He glanced over his shoulder. As he did, the trucker waved. Marlon knew that wave. It communicated that it was alright, don’t sweat it, I won’t run you off the side of the bridge, I won’t blow my horn to try and scare the shit out of you, I won’t shoot flames up your ass from the mouth of this dragon I’m saddled to. Take your time, buddy, you’re working harder than I am.

With a beaming smile, Marlon refocused his gaze on the road ahead, then raised an arm and returned the wave in the most emphatic way he could manage. A few moments later he was in Washington, where he’d ride along the Lewis and Clark Highway and watch grain barges float toward the ocean for the next six hours. The evergreen woods would slowly give way to white-oak forests, and once he passed White Salmon the forests would concede their shade to the sagebrush and bunchgrass and dry heat.

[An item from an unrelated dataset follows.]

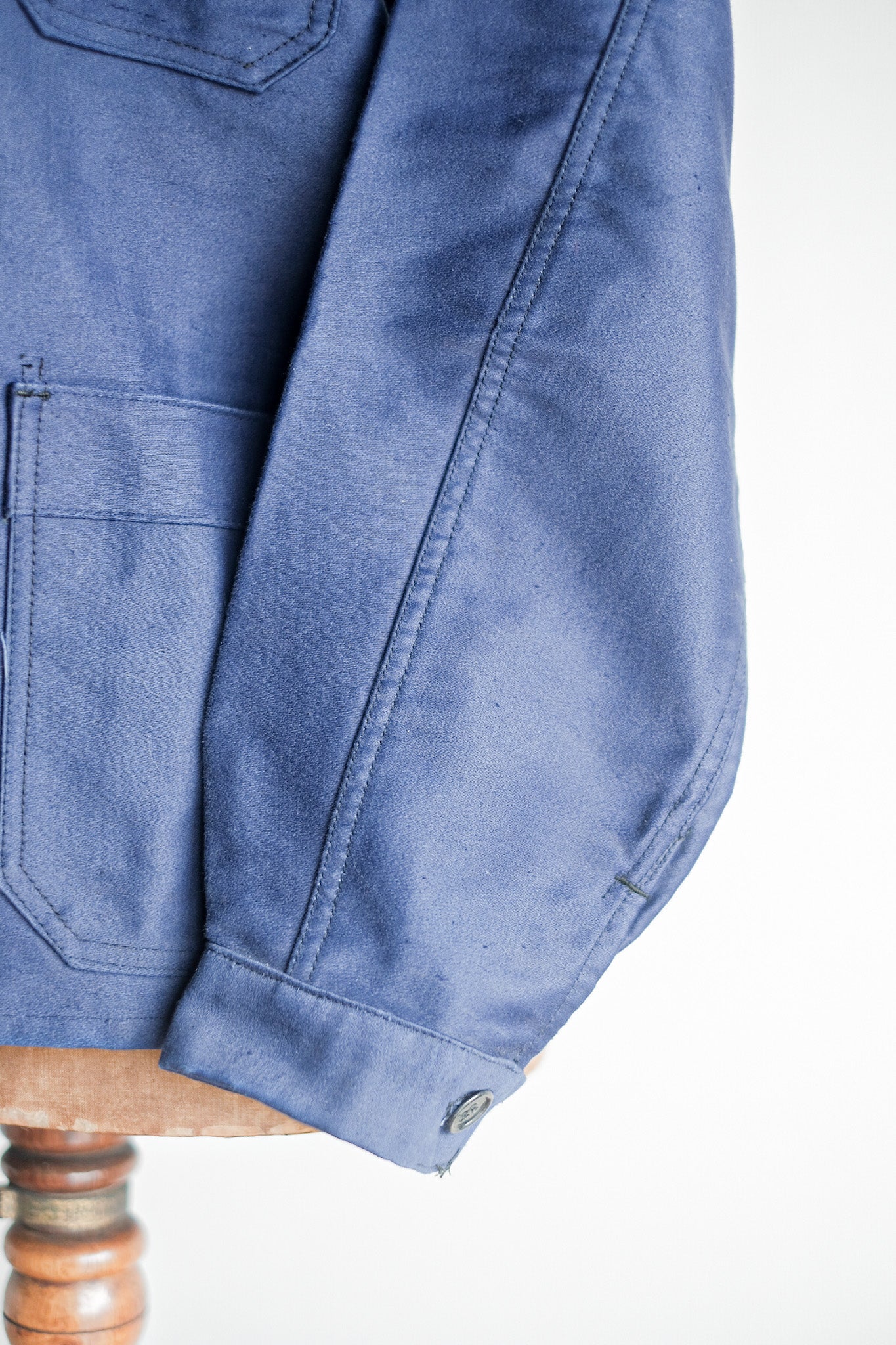 【~40's】French Vintage Blue Moleskin Work Jacket "Dead Stock"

But he’d get there, he’d reach that bridge at Celilo Falls, and he’d cross back over the rolling Columbia, he’d return to Oregon, and he’d make it to where he’d camp that night: Spanish Hollow.

*

Marlon rested his bike against a beige railing and looked east toward the massive L-shaped concrete structure that ran from one bank of the Columbia to the other: a hydroelectric dam. He was standing near the halfway point of the Dalles Bridge, staring at what once was Celilo Falls but was now a reservoir, inundated by the dam. He tried to imagine what this place had been before, back when the river was narrower, the water more swift and raucous, carrying a volume that rivaled that of nearly any waterfall in North America. He wondered about the ancient, submerged graves of American Indians behind the dam, people from tribes such as the Yakama, Nez Perce, and Warm Springs, who had been fishing those falls on treacherous overhangs for thousands of years. Legend had it the salmon once ran so strong a person could walk across the river on the backs of jumping chinook.

He didn’t know if souls existed, but if they did, he wondered if the souls of those people had been trapped down there in the reservoir on the other side. He wondered if his own lost and rearranged memories were submerged in his brain in a similar way. Maybe they still existed, floating around just outside his ability to consciously recall them, trapped behind a wall of stardust.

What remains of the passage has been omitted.